Sunday 13 January 2013

Fekete's lemma and sum-free sets

Just a quick post to help popularise a useful lemma which seems to be well known to researchers but not to undergraduates. It would make for a good Analysis I exercise.

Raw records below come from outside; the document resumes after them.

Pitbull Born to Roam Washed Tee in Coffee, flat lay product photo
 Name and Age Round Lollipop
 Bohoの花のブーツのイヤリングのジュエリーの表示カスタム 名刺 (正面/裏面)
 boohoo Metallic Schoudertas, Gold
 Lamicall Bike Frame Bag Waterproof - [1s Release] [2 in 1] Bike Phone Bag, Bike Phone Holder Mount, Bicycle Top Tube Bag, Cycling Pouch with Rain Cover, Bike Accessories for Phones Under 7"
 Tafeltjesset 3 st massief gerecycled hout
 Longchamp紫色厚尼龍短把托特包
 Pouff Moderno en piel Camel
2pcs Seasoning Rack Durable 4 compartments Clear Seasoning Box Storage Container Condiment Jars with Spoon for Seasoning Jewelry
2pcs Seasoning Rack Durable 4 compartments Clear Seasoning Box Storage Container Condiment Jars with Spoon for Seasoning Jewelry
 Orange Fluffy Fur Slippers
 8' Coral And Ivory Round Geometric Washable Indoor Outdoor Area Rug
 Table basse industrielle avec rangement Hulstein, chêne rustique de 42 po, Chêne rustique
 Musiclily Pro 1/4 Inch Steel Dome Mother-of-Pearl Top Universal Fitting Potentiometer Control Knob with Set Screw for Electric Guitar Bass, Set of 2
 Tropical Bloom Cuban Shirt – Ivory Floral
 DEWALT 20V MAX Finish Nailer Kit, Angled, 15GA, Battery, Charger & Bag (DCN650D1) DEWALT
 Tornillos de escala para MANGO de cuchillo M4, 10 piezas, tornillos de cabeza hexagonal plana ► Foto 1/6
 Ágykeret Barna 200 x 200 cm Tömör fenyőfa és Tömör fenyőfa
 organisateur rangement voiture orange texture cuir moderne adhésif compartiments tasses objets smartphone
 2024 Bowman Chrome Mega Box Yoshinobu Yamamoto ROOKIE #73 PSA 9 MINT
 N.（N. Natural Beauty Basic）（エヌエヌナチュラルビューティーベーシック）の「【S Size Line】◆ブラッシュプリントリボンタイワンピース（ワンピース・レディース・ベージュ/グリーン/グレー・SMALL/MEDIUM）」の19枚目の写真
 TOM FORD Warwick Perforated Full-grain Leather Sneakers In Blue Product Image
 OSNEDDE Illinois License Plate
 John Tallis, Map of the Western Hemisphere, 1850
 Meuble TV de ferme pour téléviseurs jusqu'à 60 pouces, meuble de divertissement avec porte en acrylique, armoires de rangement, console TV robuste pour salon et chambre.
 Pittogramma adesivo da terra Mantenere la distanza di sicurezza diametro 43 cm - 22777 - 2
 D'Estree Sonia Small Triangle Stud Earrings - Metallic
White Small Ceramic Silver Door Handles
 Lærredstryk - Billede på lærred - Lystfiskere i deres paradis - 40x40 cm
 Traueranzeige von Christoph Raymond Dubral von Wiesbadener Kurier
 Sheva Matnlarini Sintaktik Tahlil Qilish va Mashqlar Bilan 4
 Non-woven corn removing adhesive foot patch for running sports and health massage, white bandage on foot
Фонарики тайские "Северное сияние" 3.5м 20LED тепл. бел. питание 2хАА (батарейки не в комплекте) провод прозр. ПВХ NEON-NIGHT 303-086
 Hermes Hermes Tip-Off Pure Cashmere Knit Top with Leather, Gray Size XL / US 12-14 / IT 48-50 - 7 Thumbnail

Let $\mathbf{N}$ exclude $0$ for the purpose of this post.
Fekete's lemma: If $f:\mathbf{N}\to\mathbf{R}$ satisfies $f(m+n)\leq f(m)+f(n)$ for all $m,n\in\mathbf{N}$ then $f(n)/n\longrightarrow\inf_n f(n)/n$.
 Proof: The inequality $\liminf f(n)/n \geq \inf_d f(d)/d$ is immediate from the definition of $\liminf$, so it suffices to prove $\limsup f(n)\leq f(d)/d$ for each $d\in\mathbf{N}$. Fix such a $d$ and set $M=\max\{0,f(1),f(2),\ldots,f(d-1)\}$. Set $f(0)=0$. Now for a given $n$ choose $k$ so that $0 \leq n-kd < d$. Then
\[\frac{f(n)}{n} \leq \frac{f(n-kd)}{n} + \frac{f(kd)}{n} \leq \frac{M}{n} + \frac{kf(d)}{kd} \longrightarrow \frac{f(d)}{d},\]
so $\limsup f(n)/n \leq f(d)/d$.

Example: For $n\in\mathbf{N}$ let $f(n)$ denote the largest $k\in\mathbf{N}$ such that every set of $n$ nonzero real numbers contains a subset of size $k$ containing no solutions to $x+y=z$. We call such a subset sum-free.
Claim: $f(n)/n$ converges as $n\to\infty$.
Proof: Let $A$ be a set of size $m$ containing no sum-free subset of size larger than $f(m)$, and $B$ a set of size $n$ containing no sum-free subset of size larger than $f(n)$. Then for large enough $M\in\mathbf{N}$, the set $A\cup MB$ is a set of size $m+n$ containing no sum-free subset of size larger than $f(m)+f(n)$, so $f(m+n)\leq f(m)+f(n)$. Thus by Fekete's lemma $f(n)/n$ converges to $\inf f(n)/n$.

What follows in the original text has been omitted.